Und da wurde ich auch wieder raufgeholt, ins Stadthaus zur Gestapo. Die Verhöre waren ja immer im Obergeschoss. Das existiert nicht mehr, das ist jetzt begradigt. Dann wurde ich befragt: „Wie können sie Ihr Zimmer an eine Jüdin vermieten, noch dazu an eine, die in Lauerhof war?“Ich habe gesagt: „Ich kann die Miete nicht mehr bezahlen. Ich habe vermietet. Ich habe das ausgehängt im Zigarettengeschäft und die Frau hat sich gemeldet. Und die war mir sympathisch. Außerdem sieht die nicht wie eine Jüdin aus. (lacht) Die habe ich aufgenommen. Lassen Sie meinen Mann raus, dann brauche ich nicht zu vermieten.“ Naja. Ich konnte mich also damit rausreden, dass ich das alles gar nicht wusste und dass diese Frau auf meine Anzeige im Zigarrengeschäft hin gekommen war. Unser Manöver hatte sich als richtig erwiesen.Ich wurde verwarnt, dass ich mich nicht mit der einlasse, überhaupt keinen Verkehr mit ihr pflege, nur die Wohnung vermiete, auch versuche, dass sie recht schnell wieder rauskommt. Dann bin ich zurück und die Lotti hat natürlich versucht, über ihre Leutchen Arbeit zu bekommen. Hat sie auch bekommen, als Zuschneiderin, bei einer jüdischen Firma. Ihre Schwester hat nach England emigrieren können. Und Lotti hat versucht über die Warburg-Bank finanziert zu werden, denn du kamst ja ins Ausland nicht rein, wenn du nicht eine bestimmte Geldsumme hattest, um zu beweisen, dass du überleben kannst und dass jemand für dich bürgt. So etwas war nicht gerade billig. Sie hat also bei Warburg einen Antrag gestellt, aber das wusste nur ich. Lotti hat bei mir gewohnt, bis dass sie 1938 über England nach Amerika auswandern konnte. Sie ist noch rechtzeitig aus Deutschland herausgekommen, kurz nach der Reichspogromnacht.

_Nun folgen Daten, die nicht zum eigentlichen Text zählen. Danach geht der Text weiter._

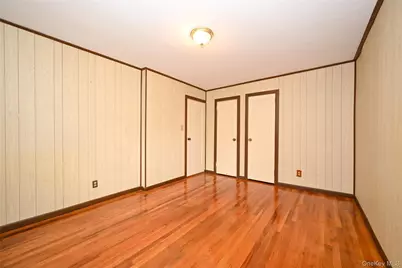 53-19 195th Street, Fresh Meadows, NY 11365 - Photo 11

Ich möchte nur sagen, wie man versucht hat, sich gegenseitig zu helfen… und trotzdem, es war so schlimm, die ganze Zeit immer unter Beobachtung.“


Ille Wendt

Meine Großmutter Ille Wendt (geb. 13.07.1908 in Köln, gest. 7.08.1993 in Hamburg) kam aus kleinbürgerlichen Verhältnissen und hatte sich gegen den Widerstand ihrer Eltern einer politischen Jugendgruppe angeschlossen. Über diese führte sie ihr Weg zur KPD und nach Hamburg. Während der NS-Diktatur war Ille im Hamburger Widerstand aktiv. Über ihr lebenslanges politisches und zwischenmenschliches Wirken und ihr Leben mit so vielen Gedanken, Gefühlen, Taten und Widersprüchen haben mein Mann und ich 1992 – damals mitten in unserem Geschichtsstudium – lange Interviews mit ihr geführt. Der Text zu Unterstützung und Flucht ist ein kleiner Auszug davon.